Library of Congress builds the record collection of the century
The sounds of everybody from Duke Ellington to Jelly Roll Morton to obscure surfer dudes are preserved at a Library of Congress facility in Virginia. Access is limited, but that is about to change.
By Randy Lewis, Los Angeles Times
May 8, 2011
Reporting from Culpeper, Va. ——
PART ONE...
About an hour south of Washington, D.C., deep beneath rolling hills near the verdant Blue Ridge Mountains of Virginia, lies a storehouse filled with bounty.
At one time, during the Cold War, that treasure was cash — about $3-billion worth — that the Federal Reserve had socked away inside cinderblock bunkers built to keep an accessible, safe stash of funds in case of nuclear attack.
Now what's buried here, however, is cultural rather than financial: The bunkers are a repository containing nearly 100 miles of shelves stacked with some 6 million items: reels of film; kinescopes; videotape and screenplays; magnetic audiotape; wax cylinders; shellac, metal and vinyl discs; wire recordings; paper piano rolls; photographs; manuscripts; and other materials. In short, a century's worth of the nation's musical and cinematic legacy.

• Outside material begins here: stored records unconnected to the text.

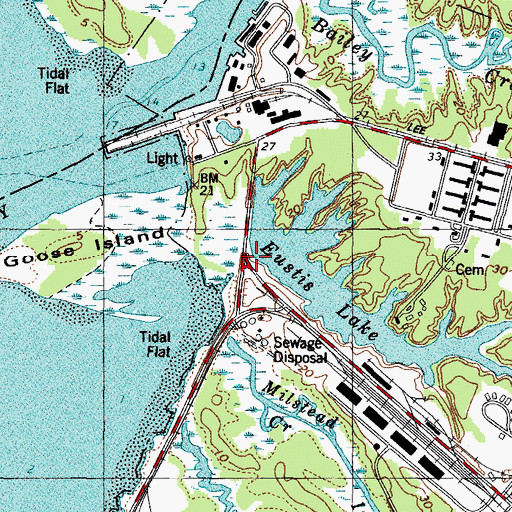 Topographic Map of Eustis Dam, VA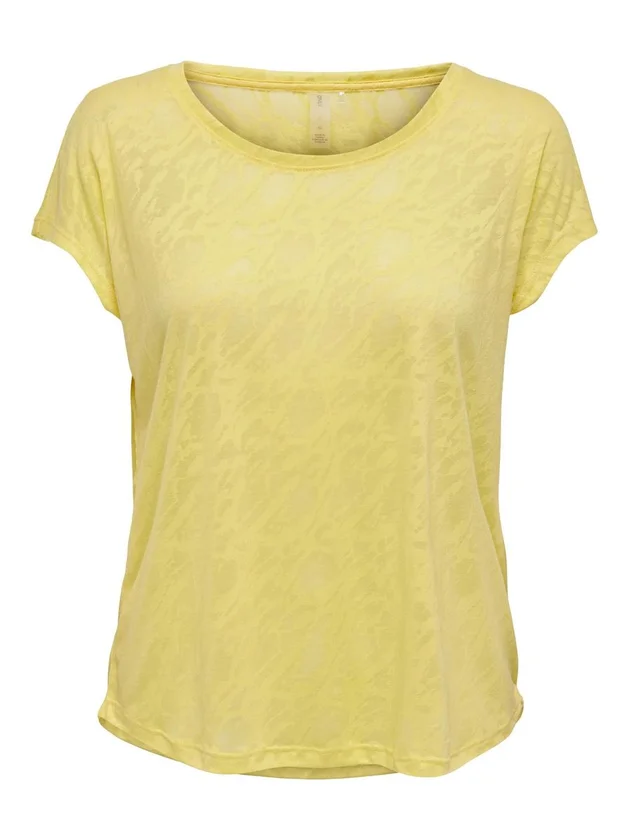 Curved Burnout SS Tee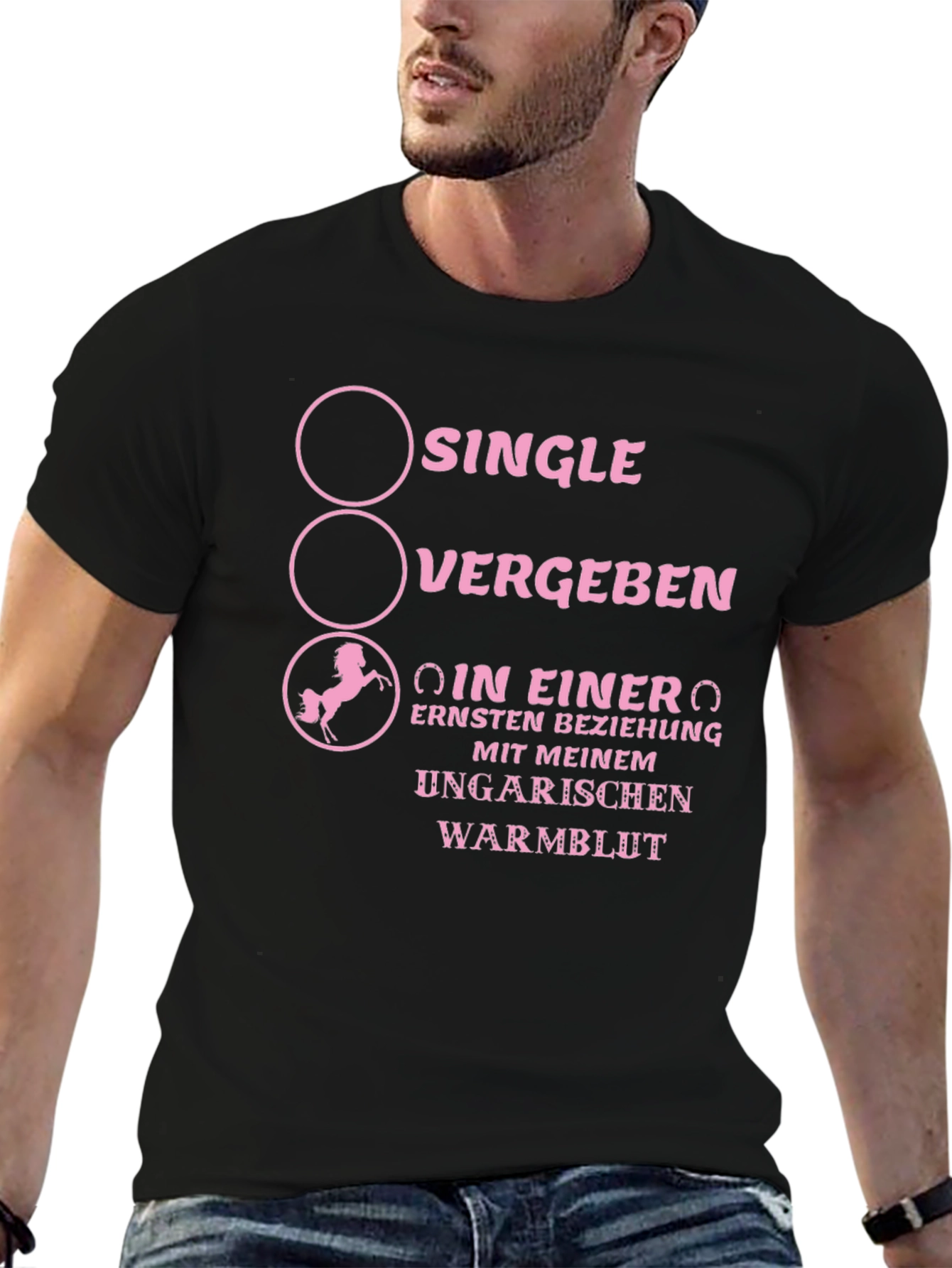 Single Vergeben Warmblut Horse T-Shirt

This is the Library of Congress' $250-million Packard Campus for Audio-Visual Conservation, a 45-acre vault and state-of-the-art preservation and restoration facility on Virginia's Mt. Pony. It's here that a recent donation from Universal Music Group, nearly a quarter-million master recordings by musicians including Duke Ellington, Billie Holiday and Bing Crosby, is now permanently housed. Some staff members busy themselves daily cleaning and gluing fragile 100-year-old films back together; others meticulously vacuum dust from the grooves of ancient 78 rpm discs, which are washed before being transferred to digital files that can be accessed by scholars, musicologists, journalists, filmmakers, musicians and other visitors.
As part of the Library of Congress, this trove is available to anyone, free. But because of the complexities of copyright law, access is restricted to the library's reading rooms in Washington and Culpeper. Library officials, however, are poised to unveil a new program that will significantly expand public access to a big chunk of the library's goods, even if it won't provide carte blanche availability to everything stored there. A news conference is scheduled for Tuesday to announce the details.
The library's main storage facility induces a chill, literally: It's kept at 50 degrees and 35% relative humidity to prevent materials from degrading. It's even frostier at the opposite end of the property in the vault for volatile nitrate film, which is cooled to 35 degrees.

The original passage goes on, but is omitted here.